• **WHAT TO WORK ON**
All lines from the beginning of the listing through the line with "Apartamento à venda" are to be copied word for word; the pictures are not.

[Opening DATA PROVIDED section]

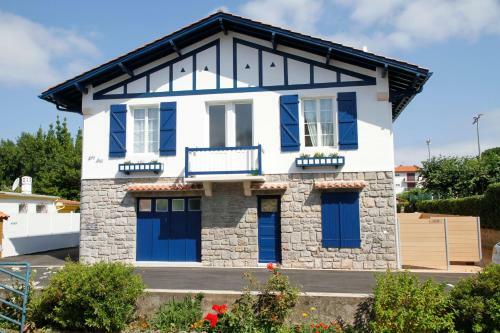 Apartamento Kaneta - Apt 3*** Dans Villa Typique Et Piscine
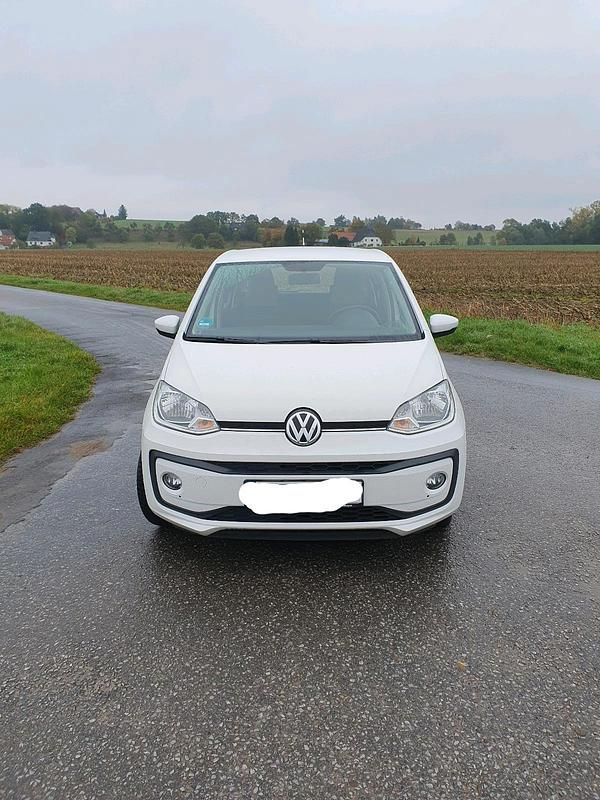 Second-hand VW up! 60 CP (44 kW) 2019 Alb Hatchback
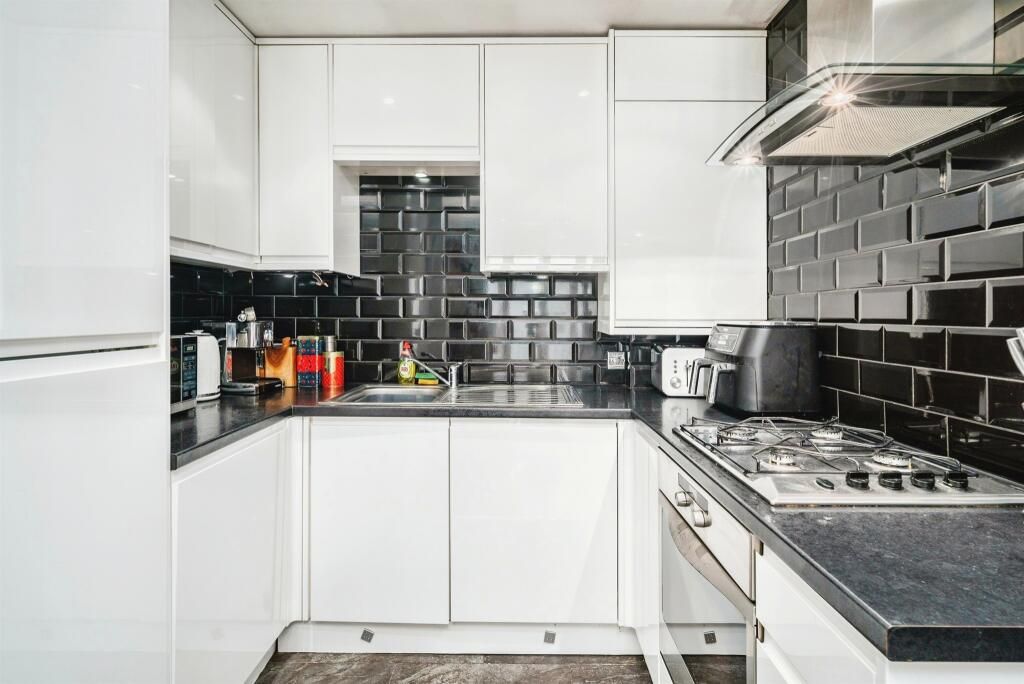 Property photo 3 of 9 Bathroom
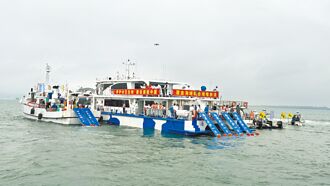 官員隔船寒暄 金廈攜手放流569萬尾魚苗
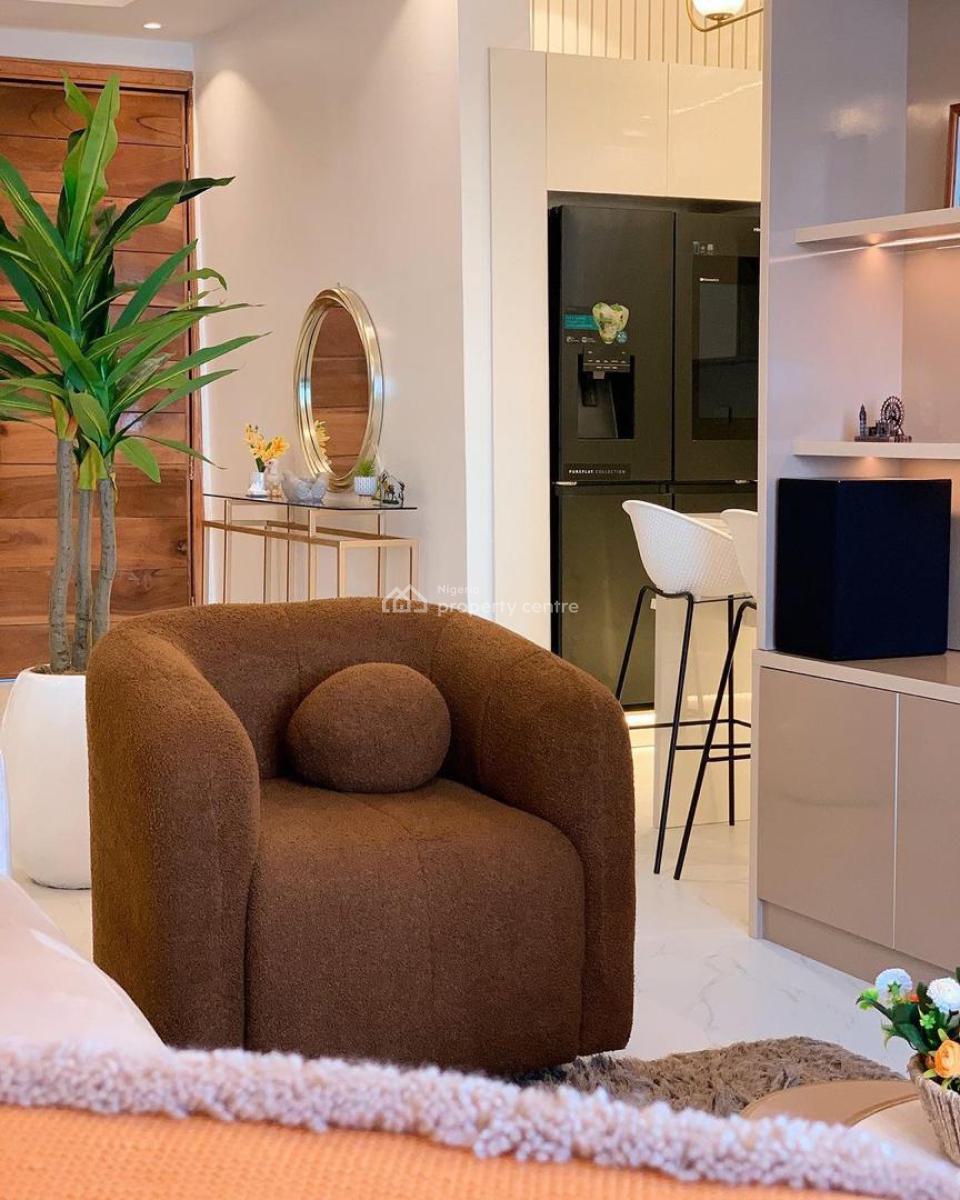 Fully Furnished 2 Bedroom Flat Upstairs, Platinum Way Ikate, Lekki, Lagos, Flat / Apartment for Rent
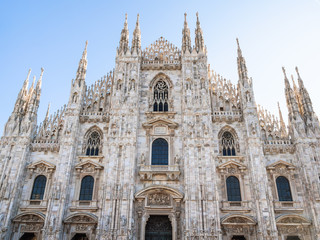 Fototapeta premium facade of Milan Cathedral in morning
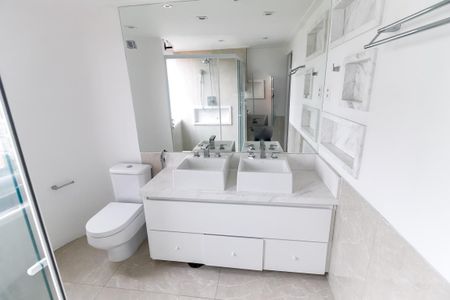 Apartamento à venda com 160m², 4 quartos e 2 vagasSuíte 2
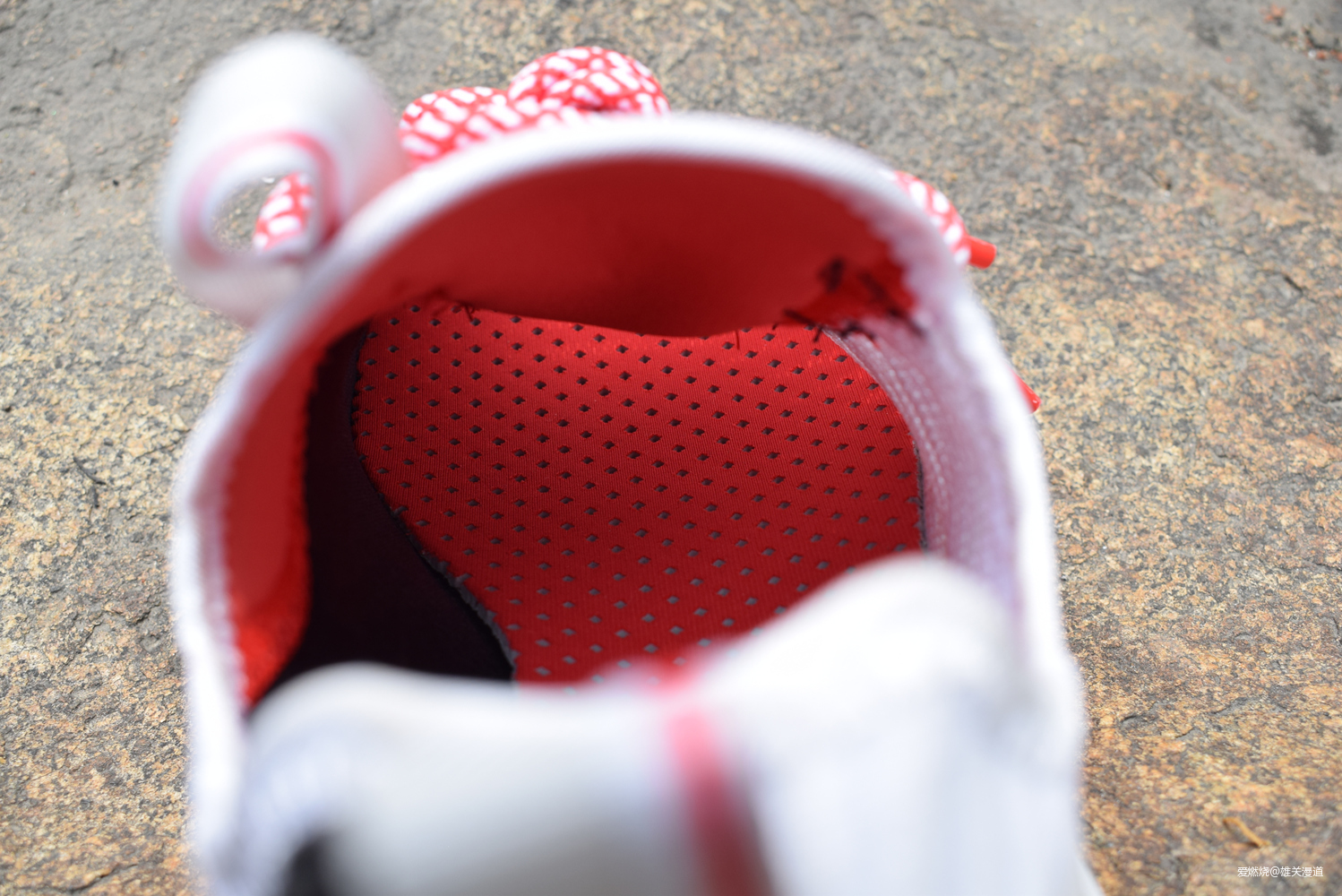 跑鞋潮鞋之间的无缝切换——Reebok Sole Fury跑鞋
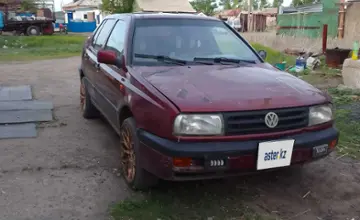 Volkswagen Vento 1993 года за 645 000 тг. в Карагандинская область фото 3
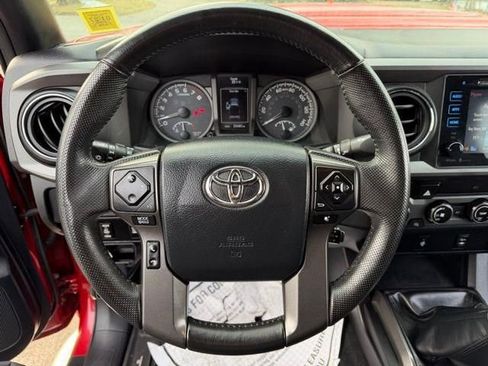 Used 2016 Toyota Tacoma TRD Sport image 27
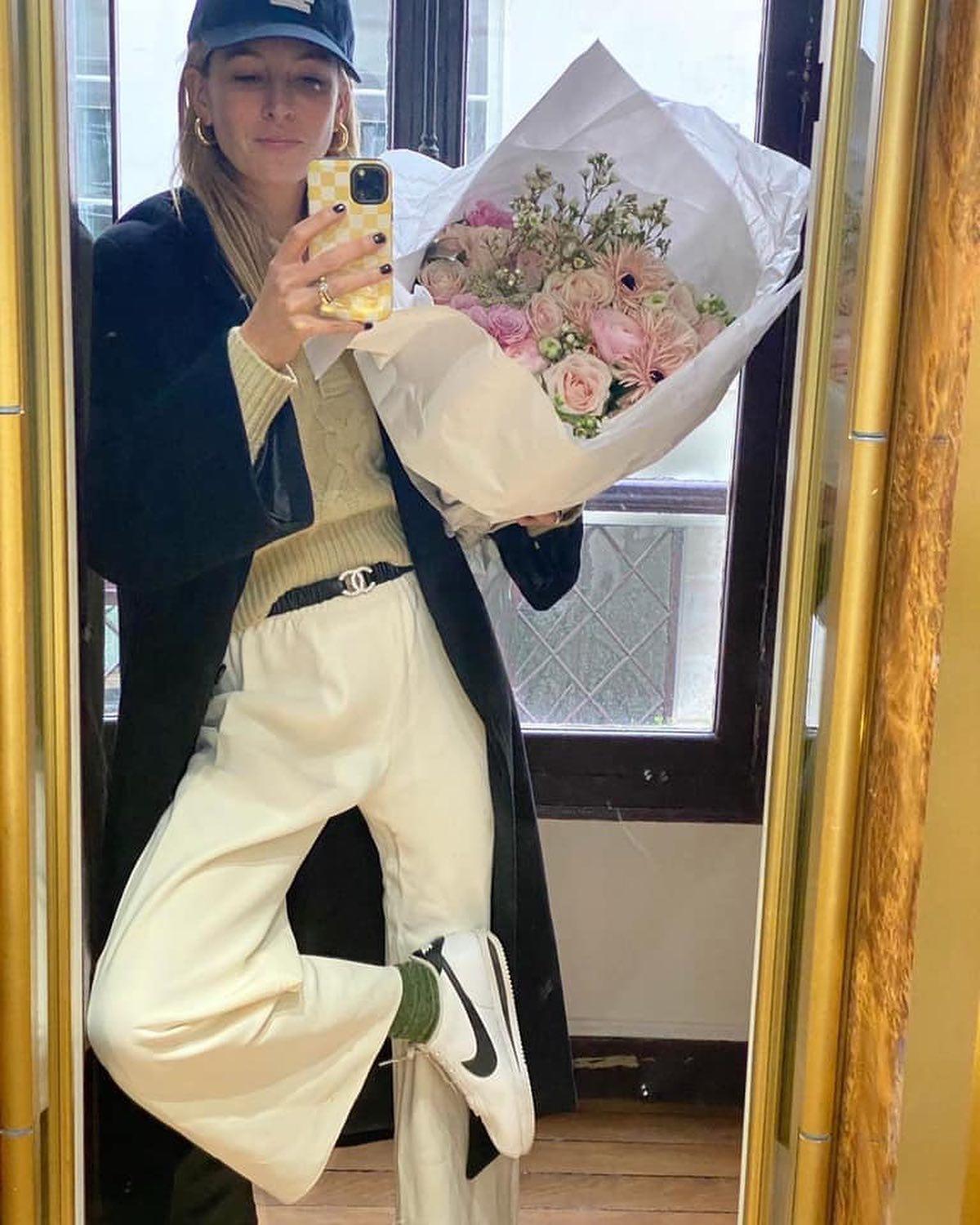 센스있는 화이트팬츠 코디🤍 이미지2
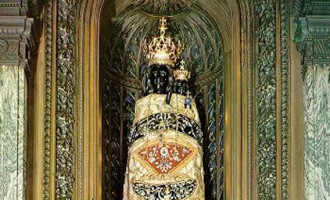 La Asociación Ecijana Virgen de Loreto, festeja su día y homenajea a Francisco Javier Beviá, aviador de Écija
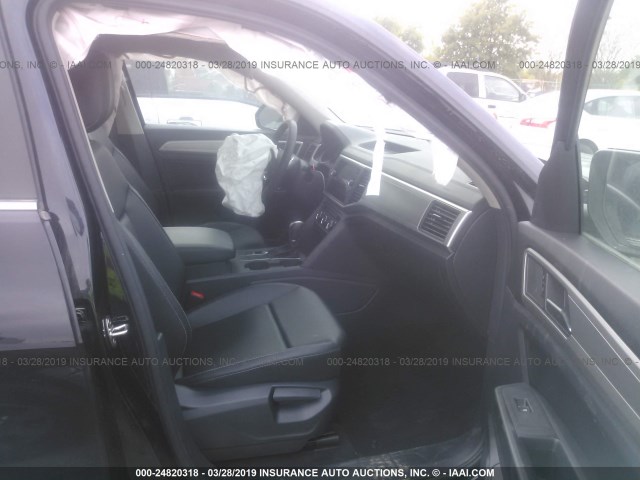 1V2CR2CA6JC554046 - 2018 VOLKSWAGEN ATLAS BLACK photo 5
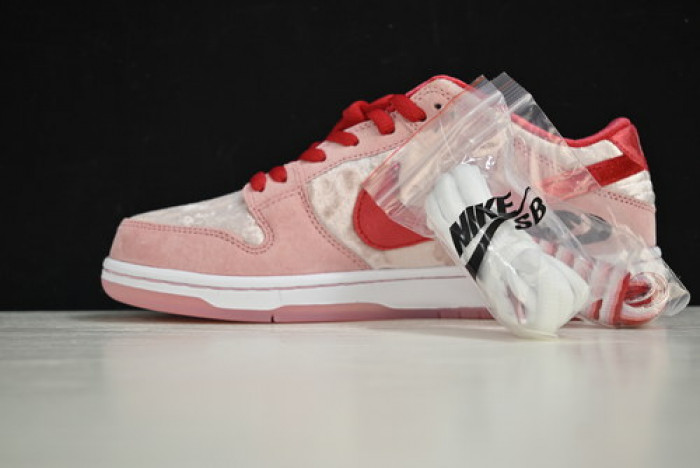 nike dunk sb low strangelove skateboards ct2552-800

[Closing DATA PROVIDED section]

• **ANSWER BOX**
 Apartamento Kaneta - Apt 3*** Dans Villa Typique Et Piscine
 Second-hand VW up! 60 CP (44 kW) 2019 Alb Hatchback
 Property photo 3 of 9 Bathroom
 官員隔船寒暄 金廈攜手放流569萬尾魚苗
 Fully Furnished 2 Bedroom Flat Upstairs, Platinum Way Ikate, Lekki, Lagos, Flat / Apartment for Rent
 Fototapeta premium facade of Milan Cathedral in morning
 Apartamento à venda com 160m², 4 quartos e 2 vagasSuíte 2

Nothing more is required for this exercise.